MEDIDA CAUTELAR PREPARATÓRIA. SUSPENSÃO DA EXIGIBILIDADE DO CRÉDITO TRIBUTÁRIO. CONEXÃO COM ANTERIOR MEDIDA CAUTELAR DE MESMA FINALIDADE. INEXISTÊNCIA. DÉBITOS REFERENTES A AUTUAÇÕES FISCAIS DISTINTAS. DISTRIBUIÇÃO POR DEPENDÊNCIA. CANCELAMENTO.

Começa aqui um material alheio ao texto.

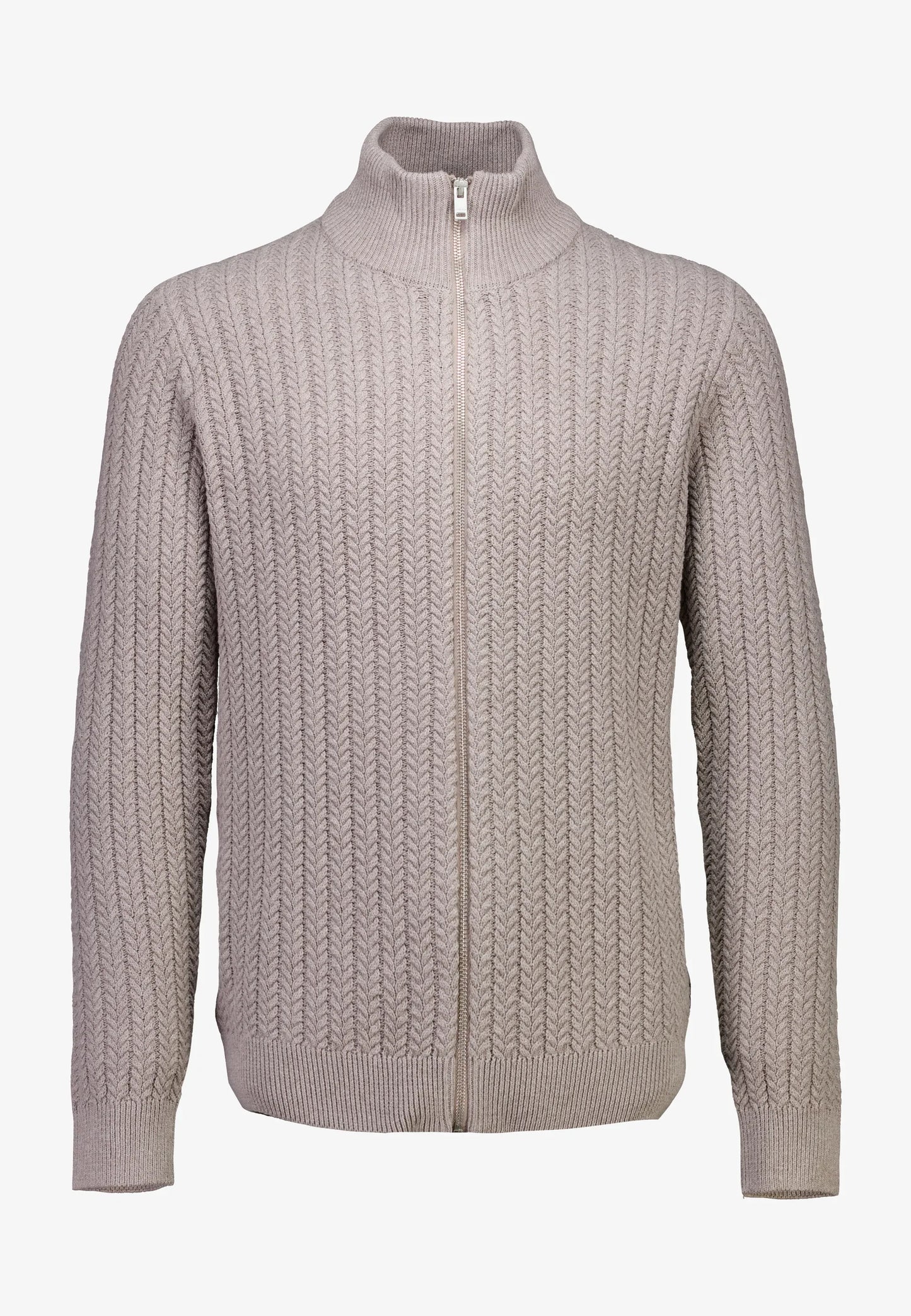 Textured Knit Cardigan with High Neck and Zip - Beige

AGRAVO EM RECURSO ESPECIAL Nº 832.354 - SP 

RELATOR : MINISTRO GURGEL DE FARIA 

PROCESSUAL CIVIL. MEDIDA CAUTELAR PREPARATÓRIA. SUSPENSÃO DA EXIGIBILIDADE DO CRÉDITO TRIBUTÁRIO. CONEXÃO COM ANTERIOR MEDIDA CAUTELAR DE MESMA FINALIDADE. INEXISTÊNCIA. DÉBITOS REFERENTES A AUTUAÇÕES FISCAIS DISTINTAS. DISTRIBUIÇÃO POR DEPENDÊNCIA. CANCELAMENTO. 

1. O Plenário do STJ decidiu que “aos recursos interpostos com fundamento no CPC/1973 (relativos a decisões publicadas até 17 de março de 2016) devem ser exigidos os requisitos de admissibilidade na forma nele prevista, com as interpretações dadas até então pela jurisprudência do Superior Tribunal de Justiça” (Enunciado Administrativo n. 2, sessão de 09/03/2016). 

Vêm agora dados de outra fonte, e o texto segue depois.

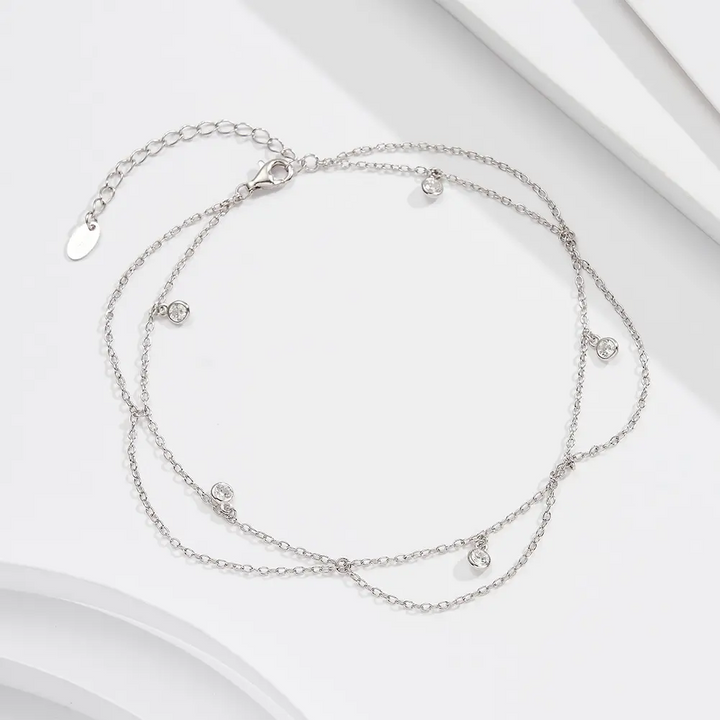 Brățară de gleznă din argint cu detalii fine BG10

2. O vínculo de conexão a justificar a reunião de medidas cautelares preparatórias está vinculado com a identidade de objeto e/ou de causa de pedir existente entre ações principais a serem propostas. Inteligência dos arts. 103 e 800 do CPC/1973. 

3. Hipótese em que as medidas cautelares manejadas com o objetivo de suspender a exigibilidade do crédito tributário mediante depósito judicial não guardam entre si vínculo jurídico apto a configurar a hipótese de conexão e a distribuição por dependência, visto que tais medidas são preparatórias de ações antiexacionais (anulatórias) independentes, voltadas contra autuações fiscais distintas e respaldadas em fundamentos legais também diferentes. 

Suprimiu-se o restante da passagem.